Let $\mathcal{M}_{0,4}$ be the mapping class group of the four-punctured sphere $S_{0,4}$. Denote the simple closed curve around boundary components $b_1$ and $b_2$ by $x$, the one around $b_2$ and $b_3$ by $y$ and the one around $b_3$ and $b_1$ by $z$. I'm interested in the orbit of $x$ under the action of the mapping class group $\mathcal{M}_{0,4}$, in particular, in the question whether $x$ can be taken to $y$.
I understand that if two curves $\alpha$ and $\beta$ have geometric intersection number 1 they are in the same orbit (and similarly for chains of curves). This is a direct consequence of the braid relation between the Dehn twists $T_\alpha$ and $T_\beta$. Since the intersection number for any two of the curves $x$, $y$ and $z$ is 2 there is no pairwise relation at all between the Dehn twists $T_x$, $T_y$ and $T_z$. Yet, the beautiful lantern relation connects all three of them with Dehn twists along the boundary components (and I think this relation essentially determines $\mathcal{M}_{0,4}$).
Can the lantern relation tell me whether $x$ and $y$ lie in the same orbit?
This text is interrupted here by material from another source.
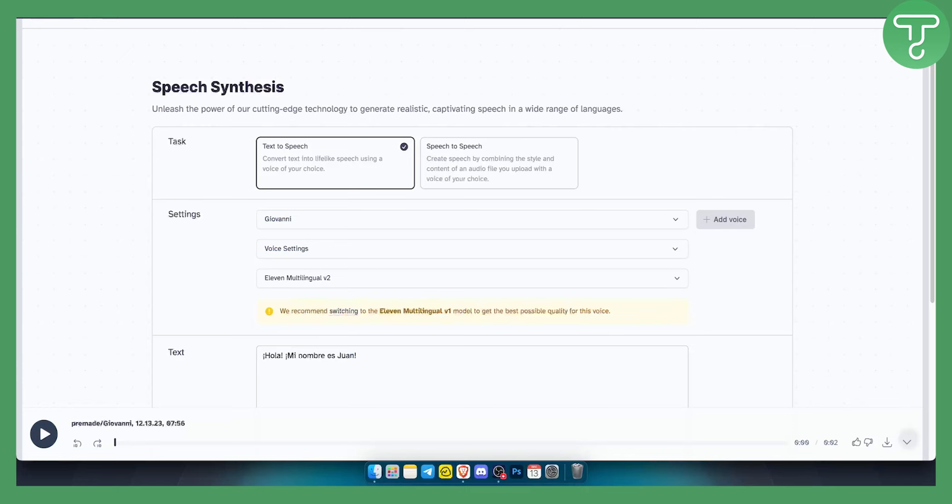So that's pretty much how you can change languages in 11 Labs and use different languages. If you have any questions or comments, comment down below and we'll see you in the next video.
If so, how would I find a sequence of Dehn twists mapping one to the other?
If you require each boundary component to be fixed pointwise, the homeomorphism does not exist. Since $x$ separates the boundaries $\{b_1$, $b_2\}$ to the boundaries $\{b_3$, $b_4\}$, the images of $x$ under homeomorphisms that preserving the boundaries still hold this property. But $y$ does not have such a property.